The first validator does not need to be huge. It does need to be strict where the semantics matter.

  1. Adjacent steps nodes must type-check end-to-end.
  2. Every all branch must accept the same input type.
  3. each inputs must split cleanly across all child branches.
  4. branch.mapping must be non-empty and must match the dispatch space.
  5. fallback_to source and fallback flows must share input and output types.
  6. recover_with must accept an exception-shaped input.
  7. guard.check must return bool.
  8. loop.body must return Continue[T] | Done[U].

With these rules in place, the YAML is no longer “just config”. It is a statically bounded orchestration language.

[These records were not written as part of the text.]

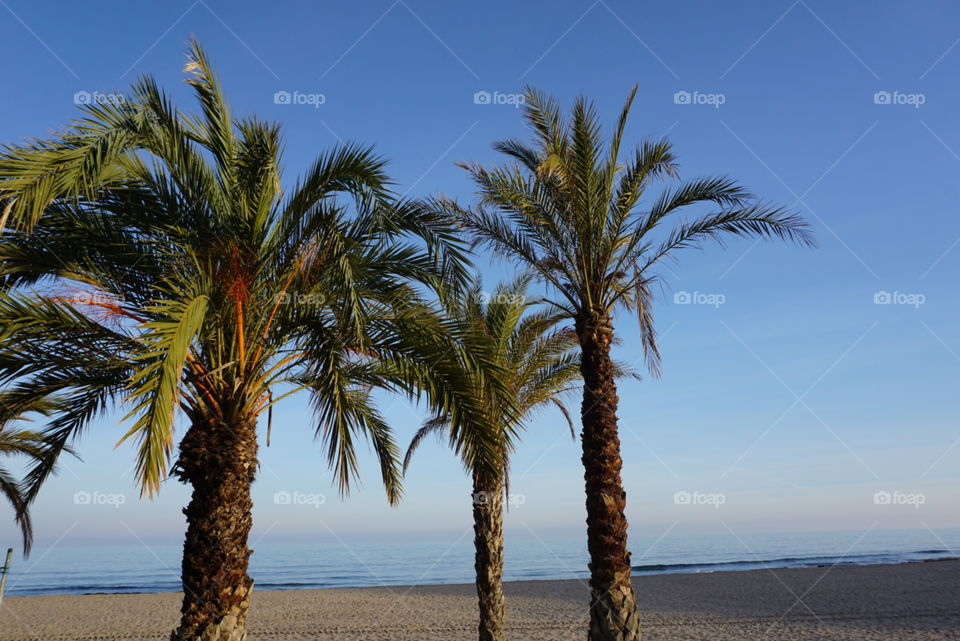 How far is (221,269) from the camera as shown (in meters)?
7.63

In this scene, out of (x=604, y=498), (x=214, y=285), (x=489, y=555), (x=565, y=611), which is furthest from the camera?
(x=565, y=611)

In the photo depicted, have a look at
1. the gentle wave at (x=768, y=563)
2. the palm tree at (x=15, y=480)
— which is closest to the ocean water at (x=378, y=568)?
the gentle wave at (x=768, y=563)

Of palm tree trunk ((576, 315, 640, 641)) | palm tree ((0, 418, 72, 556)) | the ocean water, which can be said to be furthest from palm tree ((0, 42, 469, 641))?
the ocean water

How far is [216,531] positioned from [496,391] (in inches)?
133

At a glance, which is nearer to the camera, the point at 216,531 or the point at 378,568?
the point at 216,531

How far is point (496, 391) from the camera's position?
8.04 meters

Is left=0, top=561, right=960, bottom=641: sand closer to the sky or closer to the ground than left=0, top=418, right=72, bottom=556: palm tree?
closer to the ground

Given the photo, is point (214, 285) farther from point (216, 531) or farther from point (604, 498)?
point (604, 498)

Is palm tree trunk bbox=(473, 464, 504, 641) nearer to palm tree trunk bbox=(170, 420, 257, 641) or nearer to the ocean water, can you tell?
palm tree trunk bbox=(170, 420, 257, 641)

Implications for this repository

The current repository direction is coherent.

The design already points toward:

  • Flow[I, O] as the ADT
  • Python, YAML, and JSON as equivalent representations
  • Mermaid graph as a visualization product
  • pre-execution type validation

That combination matters because it concentrates semantics in one place while still allowing portability, validation, and graph-based tooling.

Bottom line

If the question is:

Can Flow be represented precisely in JSON and YAML?

the answer is yes, and that is one reason it works well as a canonical orchestration IR.

If the question is:

Does that make Flow a better fit than graph for agent orchestration?

the precise answer is:

  • yes as the semantic source of truth
  • no as a replacement for visualization and editing surfaces

The right architecture is therefore not “Flow or graph”. It is:

Flow defines semantics.
YAML and JSON carry the protocol.
Graph provides the projection.
The interpreter executes the meaning.